▶ [TO DO] Repeat the listing that follows character for character, omitting images.

▶ [DATASET CONTENT]
[Start of section]
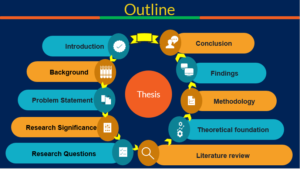 Thesis PowerPoint outline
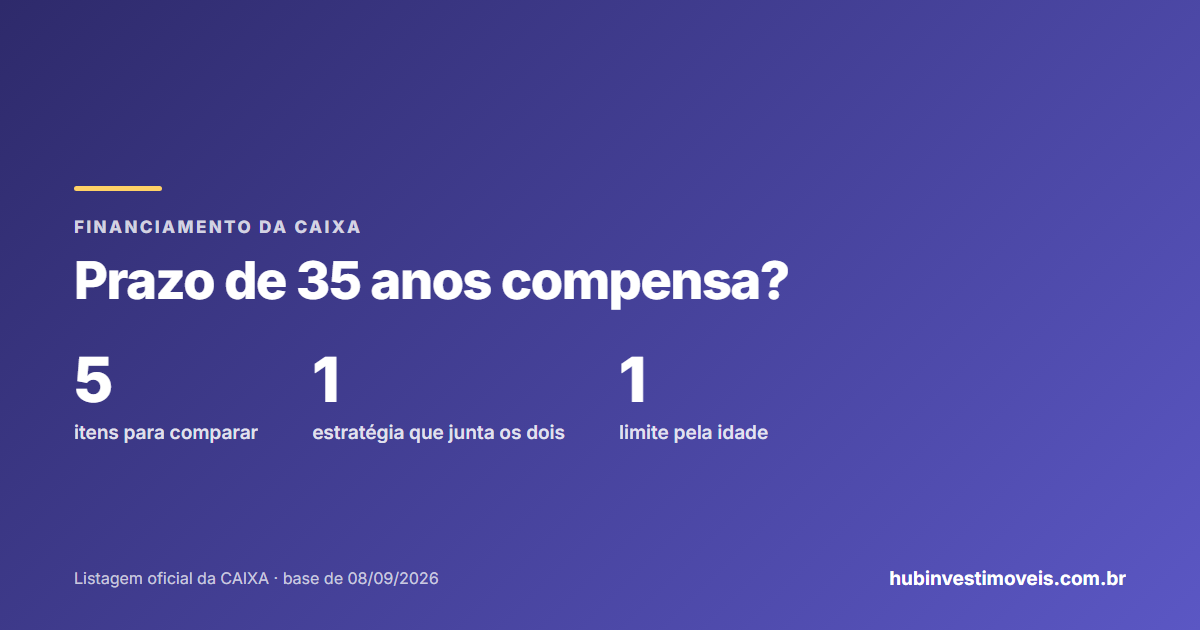 Prazo de financiamento da Caixa: comparação entre prazo longo e curto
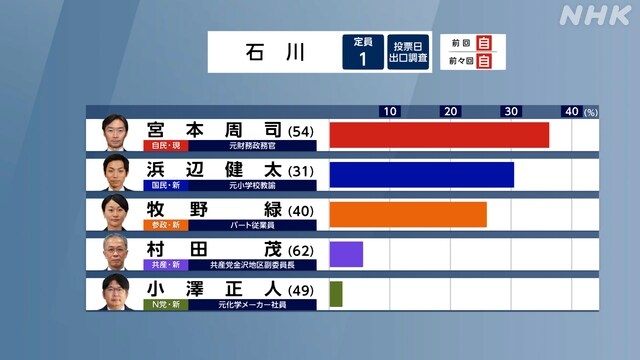 일본 출구조사 지역구 2_2.jpg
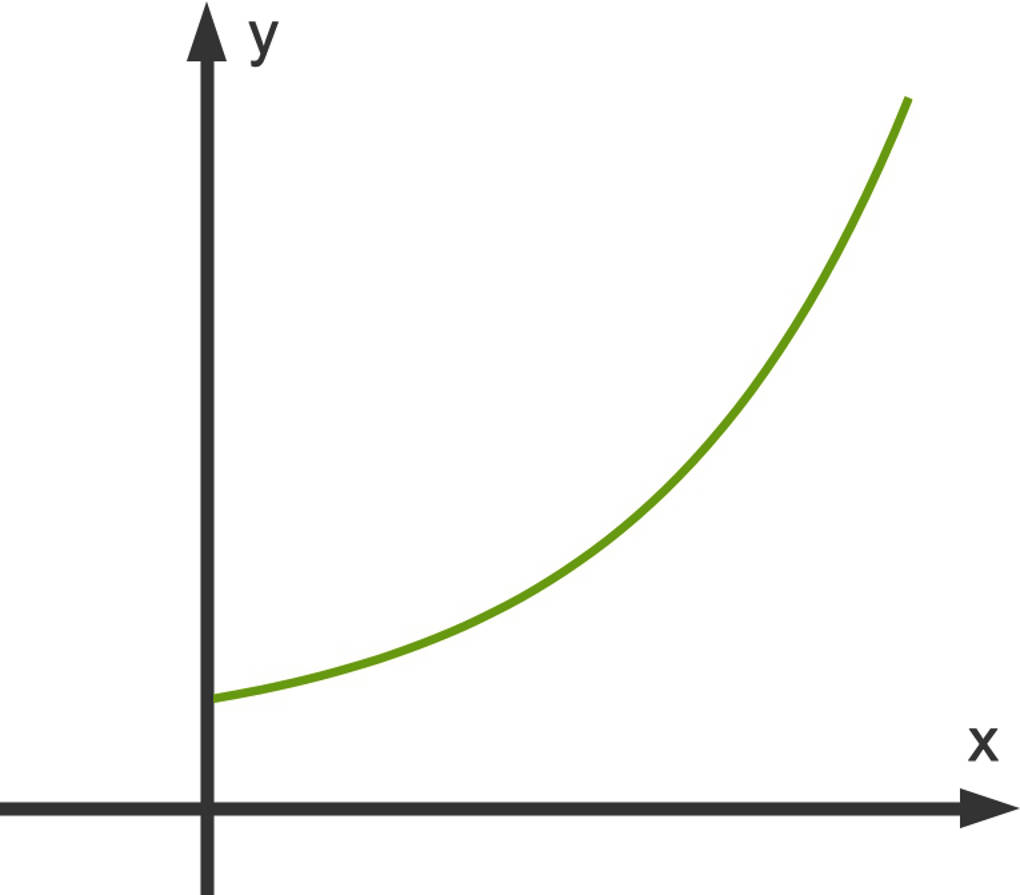 Detail Exponentielles Wachstum Graph Nomer 10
[End of section]
▶ [FINISHED TASK]
 Thesis PowerPoint outline
 Prazo de financiamento da Caixa: comparação entre prazo longo e curto
 일본 출구조사 지역구 2_2.jpg
 Detail Exponentielles Wachstum Graph Nomer 10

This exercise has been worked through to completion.